Назар молча садится рядом со мной и поворачивает голову к доктору. Мы ждем, пока она вынесет свой вердикт. И хоть за утро я успела убедить себя в том, что мое материнство не может подтвердиться, по пути в больницу я все же поискала в интернете случаи одинаковых родимых пятен у людей, не являющихся родственниками.

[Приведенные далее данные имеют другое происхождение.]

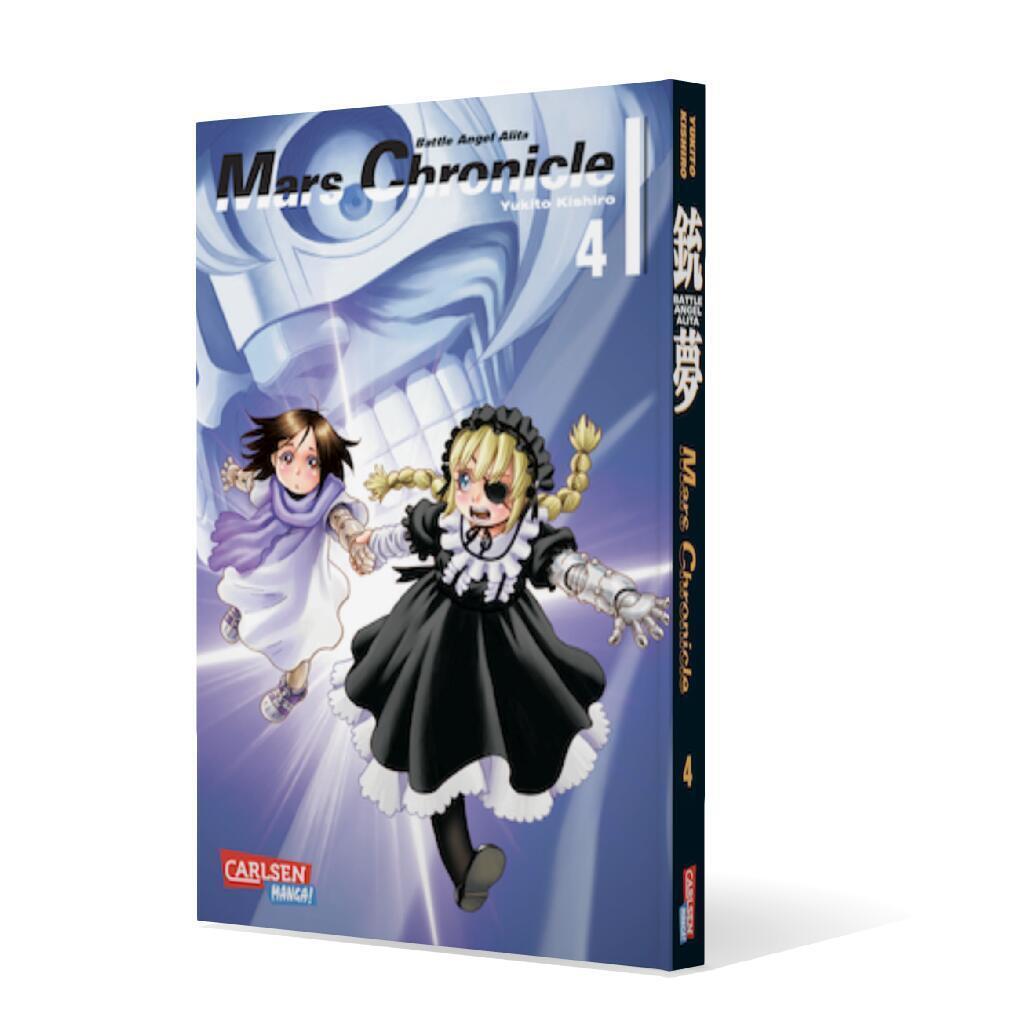 Thumbnail - Battle Angel Alita - Mars Chronicle 4 Yukito Kishiro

Ничего по этому запросу мне так и не удалось найти. Зато я попала на страничку пары: парня и девушки, у которых были почти одинаковые родимые пятна на ногах. И все же почти одинаковые, это не то же, что идентичные. Так что вопросов у меня меньше не стало.
— Ваши результаты, — доктор протягивает конверт почему-то не мне, а Назару.
Вскрыв его, он передает свернутую бумагу мне. Я пробегаю взглядом по строкам, отмечая тот факт, что Назар даже не читает. И так знает, что я не могу быть матерью и все это похоже на фарс? По всей видимости, все так и есть, потому что по результатам теста я и Ника — абсолютно чужие друг другу люди. Судя по всему, появилась еще одна пара людей, на этот раз с идентичными родинками. Или же вчера мне все же показалось.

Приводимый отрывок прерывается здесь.